# What can I make stickers out of?



## David K

The USDA booklet on drying lumber says that for hardwood I should use 3/4-1" by 1.5" stickers. The pile I have to build will be ~6 ft, so there will be a lot of weight on the lower layers.

I've heard I should use kiln-dried wood for stickers, and that I shouldn't use cut-offs from milling the wood (too likely to get 'blue stain'?)

So how much of this is true? I'm going to mill 3,000 bd ft of red oak.
I need to cut about 500 stickers, if I'm going to put them every 16". 
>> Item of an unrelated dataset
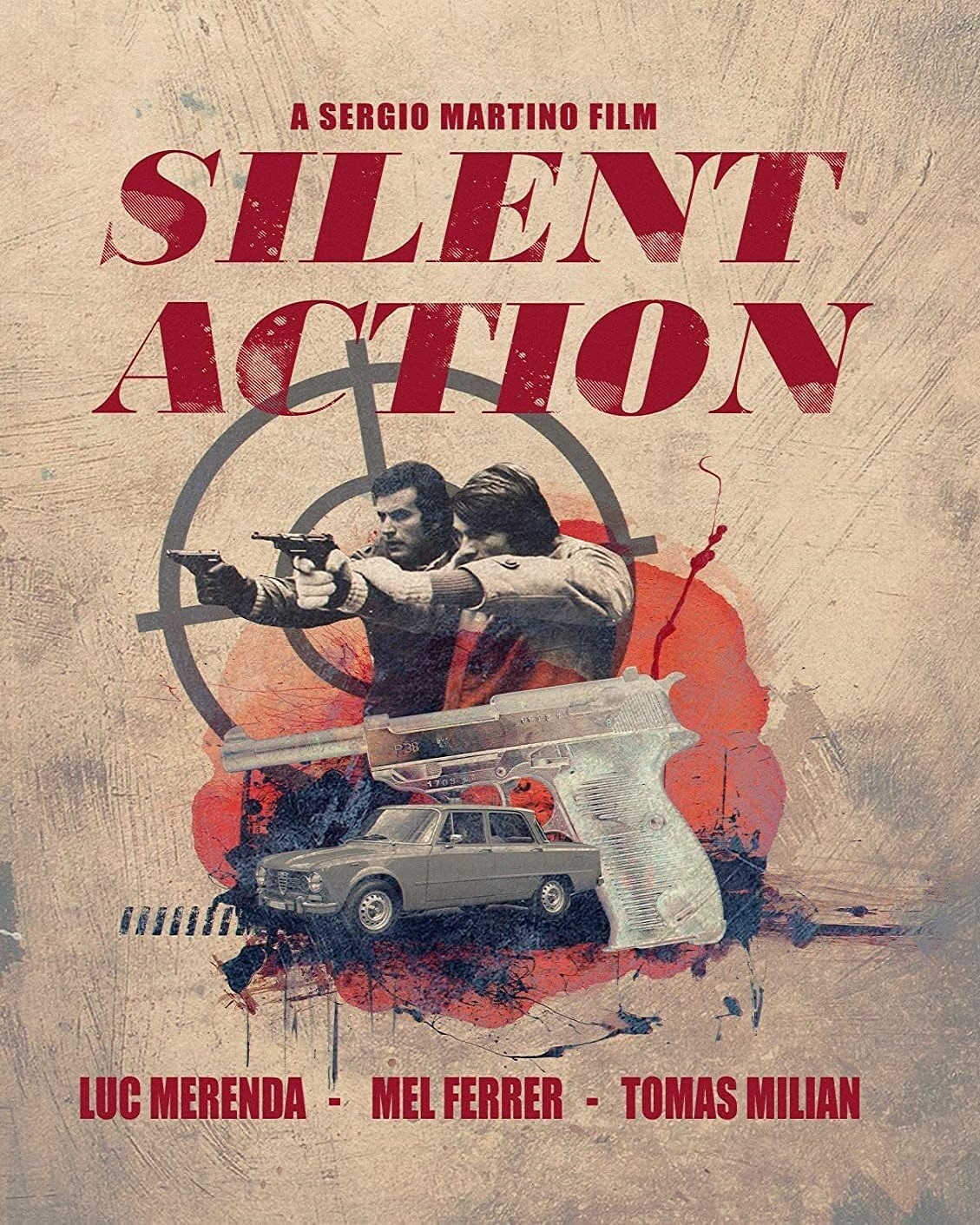 Silent Action (Limited Edition) (ej svensk text) (Blu-ray + CD)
This could get expensive with anything other than pine.
So can I rip 2/4s? (I can get eight per stud, if I cut them 3/4" wide and 4' long).


----------



## dirtclod

You can cut them from any dry wood. 

Sticker stain from mold is rare. A more likely cause is a difference in drying rates. Green or wide stickers can present a problem. Many large mills use a 1-1/2" wide sticker that has been run through a moulder make them concave. The result is an hour glass shaped cross section that has a minimal footprint.
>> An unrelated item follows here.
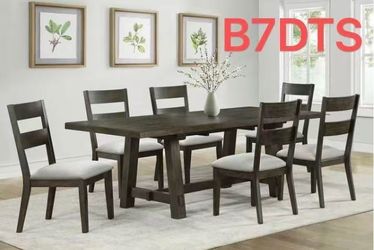 Brinley 7-piece Dining Table Set - sample sell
Most millers hate making stickers. There's no money in it and it's tedious work. But it's worth asking your sawmill man if you could buy or rent dry stickers. Maybe you'll get lucky. You might also check with your local larger mills as many are cnverting to composite stickers and giving away their wooden ones.
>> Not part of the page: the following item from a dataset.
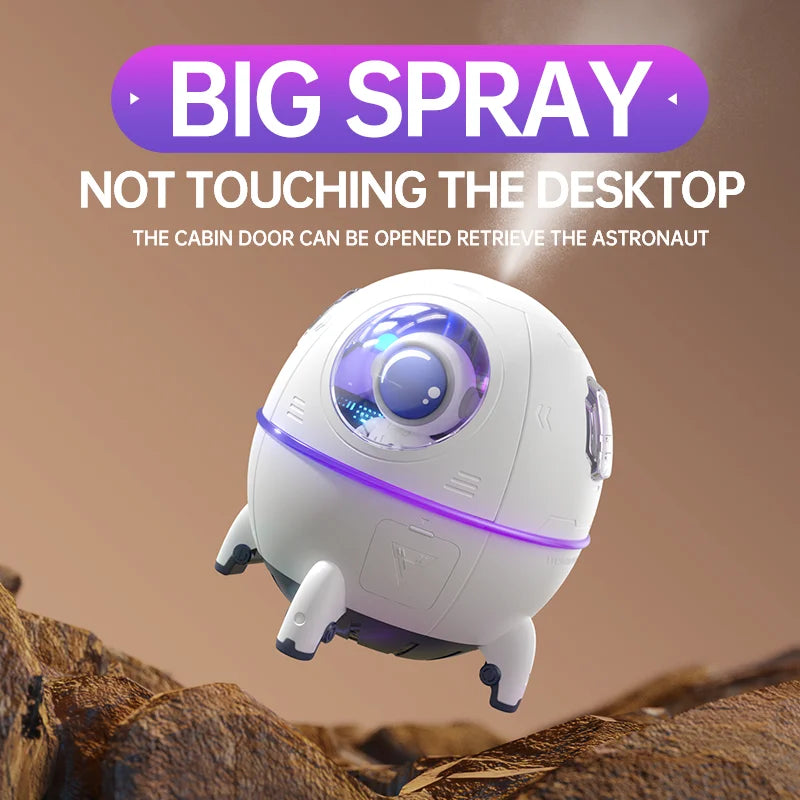 Ultrasonic Astronaut Diffuser | USB Mini Mist Humidifier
Oak can be tought to dry without defects. Keep up good airflow to eliminate molding but don't dry it too fast in the first three weeks. Direct sunlight (even a little) can lead to surface checking. Tempature is the heavy in controlling the drying rate.


----------



## bugman1954

I don't know where you live but there are a couple of flooring manufactures in my neighborhood.. They have a scrap pile and if you get there at just the right time you can get a pickup load for nothing most of these are 1 to 2 1/2 inches wide and 3/4 thick. Then I get my circular saw and go to work cutting about 20 at a time about 50 inches long. Good luck.


----------



## Daren

dirtclod said:


> Most millers hate making stickers.


Man I know I do :thumbdown:, but it is a necessary evil. I take free cottonwood logs and make stickers. Stack them criss cross and let them air dry (cottonwood dries fast). I had to cut 2000 linear foot Sunday (that will last a week ?) Here is a part of the process I use.


----------



## Daren

I would advise not to use "cuts off" from the local cabinet shop...red oak will tannin stain your wet wood :yes:.


----------



## bugman1954

Daren, What causes sticker shadow. I purchased some Frank Miller QSWO from Liberty Hardwoods in KC and about 25% of the boards had sticker shadow? Also don't you want to use stickers from the same type wood as you are drying? Like Oak for oak?


----------



## Daren

bugman1954 said:


> Daren, What causes sticker shadow.


I have only seen it in maple myself. A dry sticker will wick the water away (and sugar that naturally darkens the wood) and instead of like sticker stain where that part would dry slower and "stain" darker, the shadow dries faster/lighter.

I think the sticker debate is as old as the sticker itself. I have heard everything, some swear by this or that. I just know I have air (and kiln) dried alot of wood. When I first started I used PVC pipe for stickers, there is a little discussion about it here http://www.woodworkingtalk.com/showthread.php?p=28474#post28474
I still have the same pipe around (just not enough to do everything) and use it on maple for example that in wetter months can tend to stain. I say any dry wood will work. I mentioned not using red oak just because of my own experience. I did the same thing starting out, I hated cutting stickers. I went by the dumpster of a local cabinet shop and loaded up a pickup truck full of 1" oak cut offs 3-4' long. The wet wood soaked the oak, made it mold and tannin stain the wood I had stacked on it. I burned the whole truckload of stickers.


----------



## TexasTimbers

I've tried alot of stuff too. I also hate cutting them. One thing to do is train the wife to cut stickers. I told her how important stickers are to the whole opperation. It wasn't a lie. It is also very important to the sanity and general well being of the Senior Sawyer. :laughing:

I will always be tghe senior sawyer around here because I am 6 months and 2 days older than she.  

I have only had sticker stain one time. I used ash stickers on live oak. The oak was wet and the ash dry. 

I have never had sticker stain using ERC (it dries faster than cottonwood I think. A toss up maybe) and I have never had it cutting stickers from the flitches of the log I am gonna stack. But that's a pain in the heiny.

Haven't tyied cottoinwood but I have plenty of thast so that might replace ERC since sappy ERC for stickers promotes bugs and I don't like using good ERC either. If Daren says cottonwood works good that's good enough for me. Cottonwood it is. 

Cottonwood also makes pretty interior paneling next time you need it.


----------